• _Input for this task_
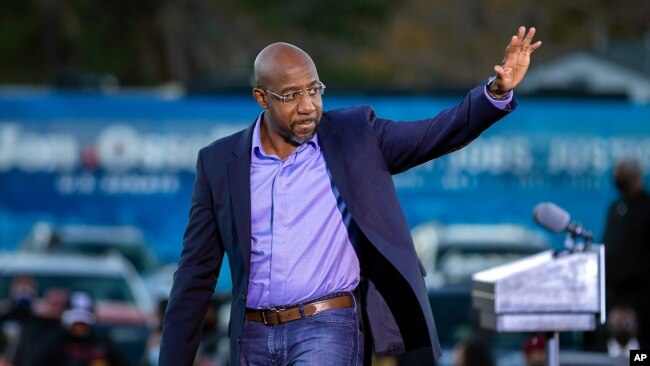 ARCHIVO - El candidato demócrata al Senado de los Estados Unidos, el reverendo Raphael Warnock, saluda a sus partidarios durante un autocine, el 3 de enero de 2021, en Savannah, Georgia.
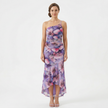 FJØRNA women's floral A-line maxi dress with a flowing silhouette and vibrant flower pattern, perfect for summer occasions.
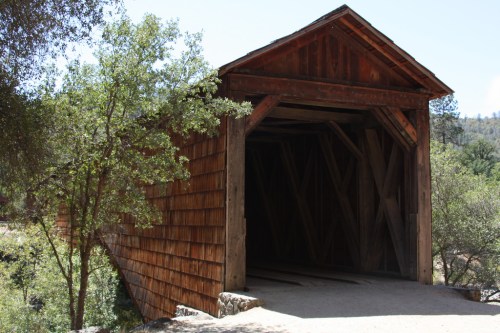 A rustic wooden covered bridge surrounded by trees, with a clear blue sky in the background.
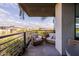 A relaxing balcony setting with cozy chairs and a view of trees and buildings at 7180 E Kierland Blvd # 316, Scottsdale, AZ 85254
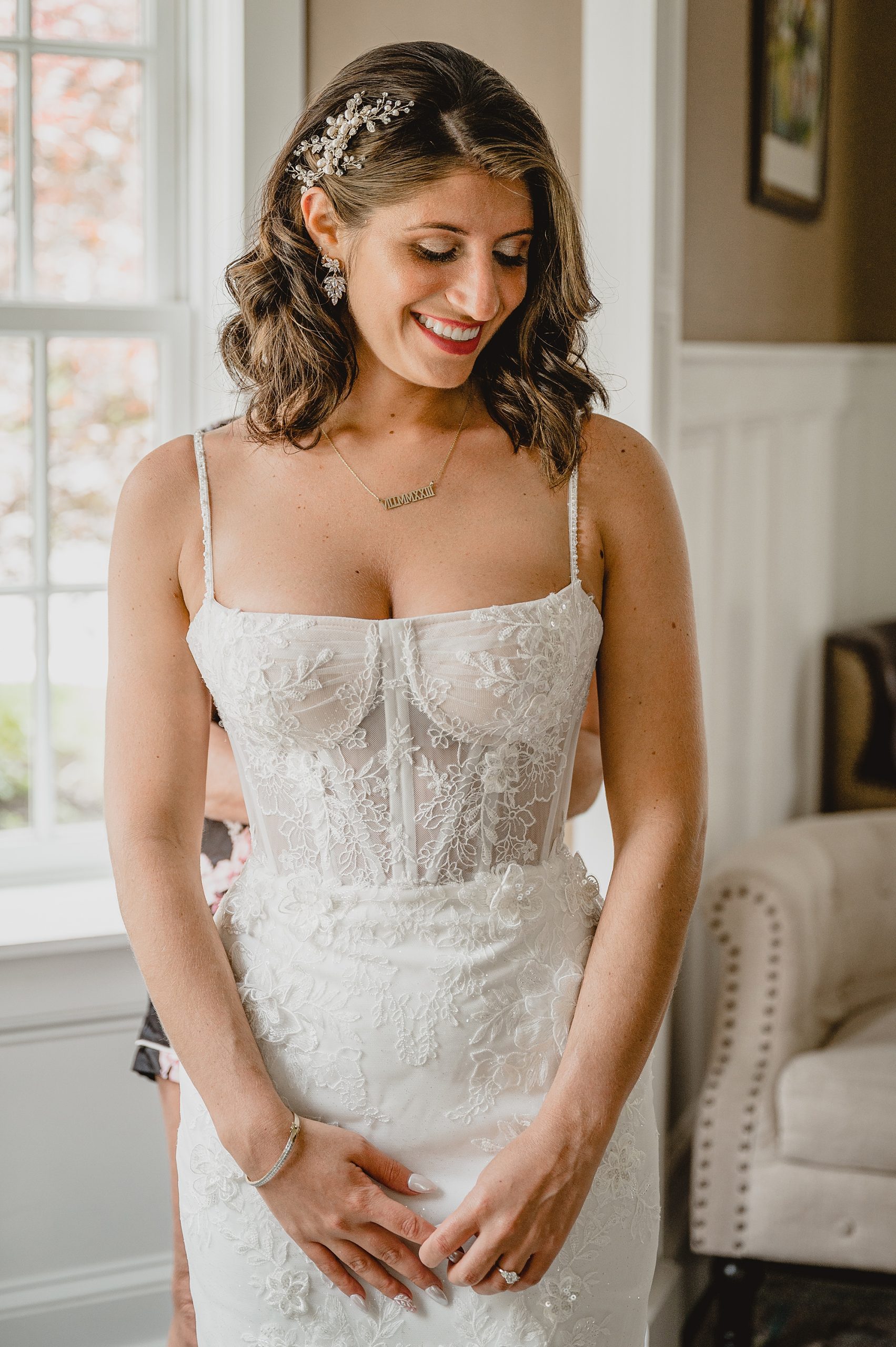 bride smiles looking down in wedding gown with corset bodice 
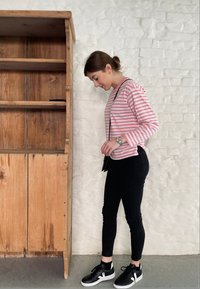 Triibulise, roosa ja valge pikaaelise särgi all on mustad kitsad teksad ja mustad ketsid valgete detailidega, mis asuvad puidust riiuli kõrval.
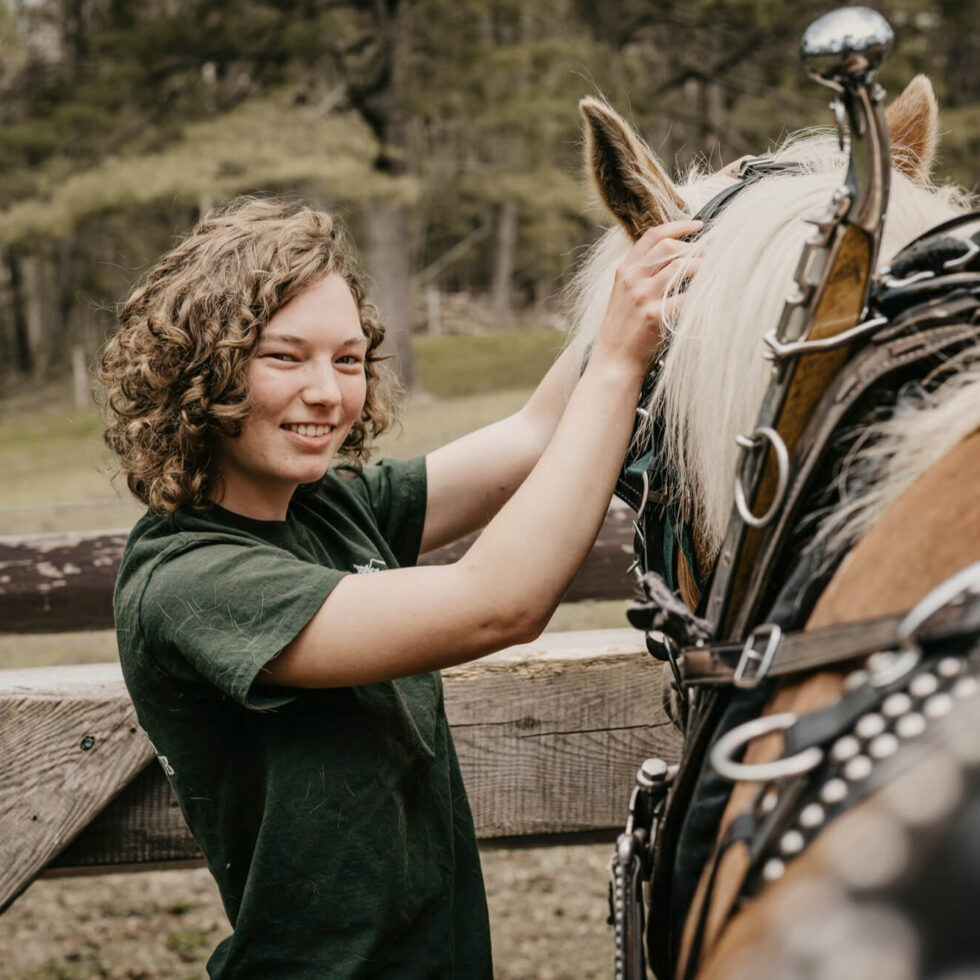 A student poses for a photo while petting a horse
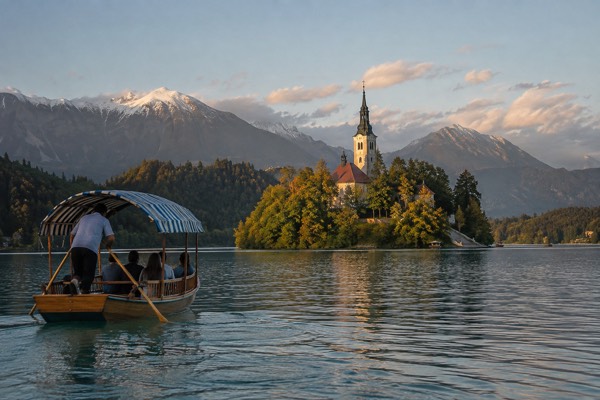A wooden boat with a striped awning being rowed across a green lake towards a small wooded island, Lake Bled, Bled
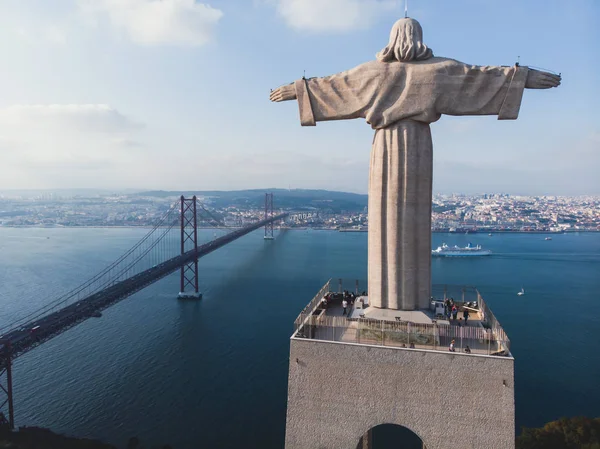 View of The Sanctuary of Christ the King, Cristo Rei, Almada, Lisbon, with 25 de Abril Bridge suspension Bridge, Tagus river, aerial drone view in summer sunny da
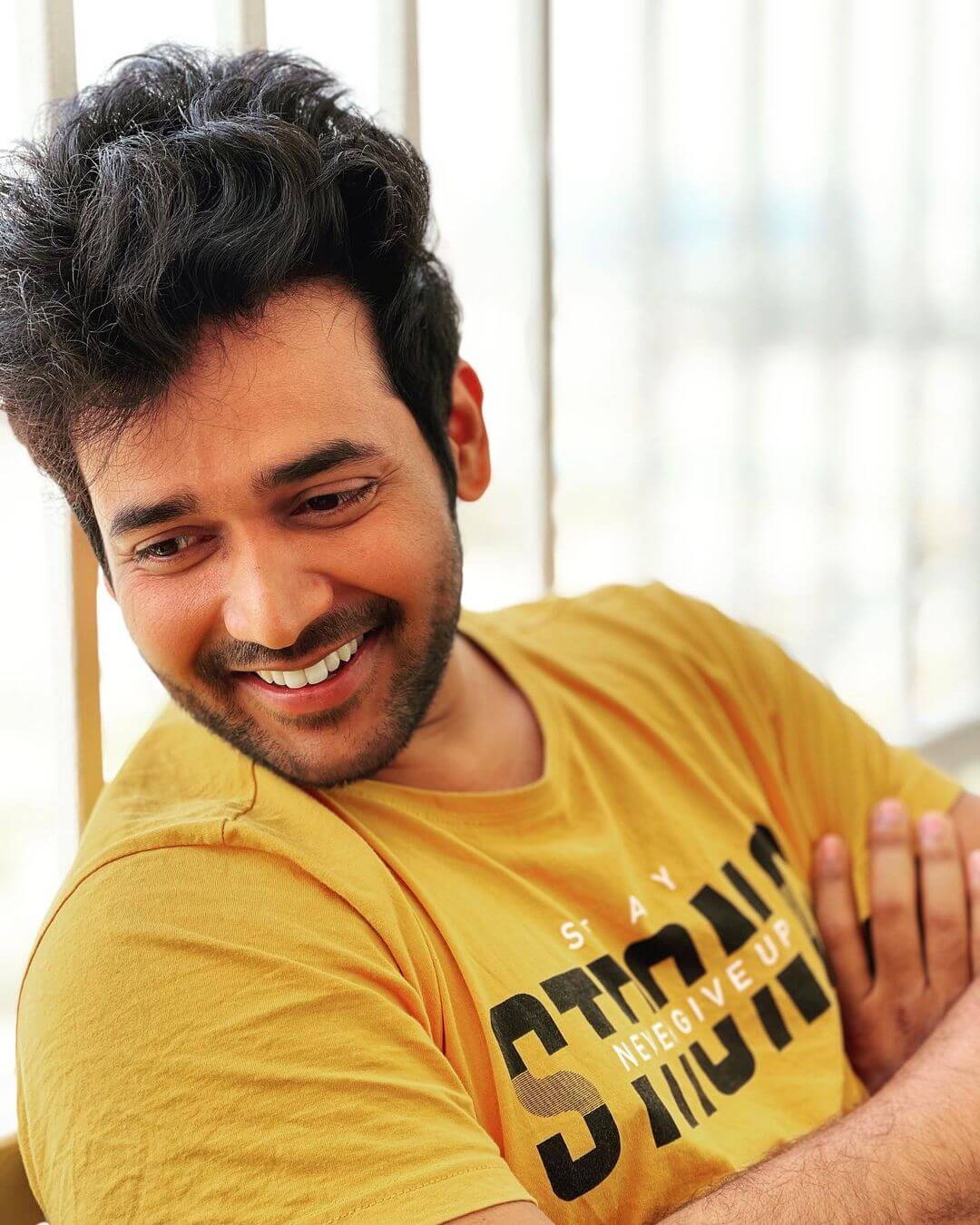 Actor Naresh Agastya close up shot in yellow tshirt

• _Your goal_
From the first line to the last, write out the data exactly, omitting any pictures.

• _Solution to this exercise_
 ARCHIVO - El candidato demócrata al Senado de los Estados Unidos, el reverendo Raphael Warnock, saluda a sus partidarios durante un autocine, el 3 de enero de 2021, en Savannah, Georgia.
 FJØRNA women's floral A-line maxi dress with a flowing silhouette and vibrant flower pattern, perfect for summer occasions.
 A rustic wooden covered bridge surrounded by trees, with a clear blue sky in the background.
 A relaxing balcony setting with cozy chairs and a view of trees and buildings at 7180 E Kierland Blvd # 316, Scottsdale, AZ 85254
 bride smiles looking down in wedding gown with corset bodice 
 Triibulise, roosa ja valge pikaaelise särgi all on mustad kitsad teksad ja mustad ketsid valgete detailidega, mis asuvad puidust riiuli kõrval.
 A student poses for a photo while petting a horse
A wooden boat with a striped awning being rowed across a green lake towards a small wooded island, Lake Bled, Bled
 View of The Sanctuary of Christ the King, Cristo Rei, Almada, Lisbon, with 25 de Abril Bridge suspension Bridge, Tagus river, aerial drone view in summer sunny da
 Actor Naresh Agastya close up shot in yellow tshirt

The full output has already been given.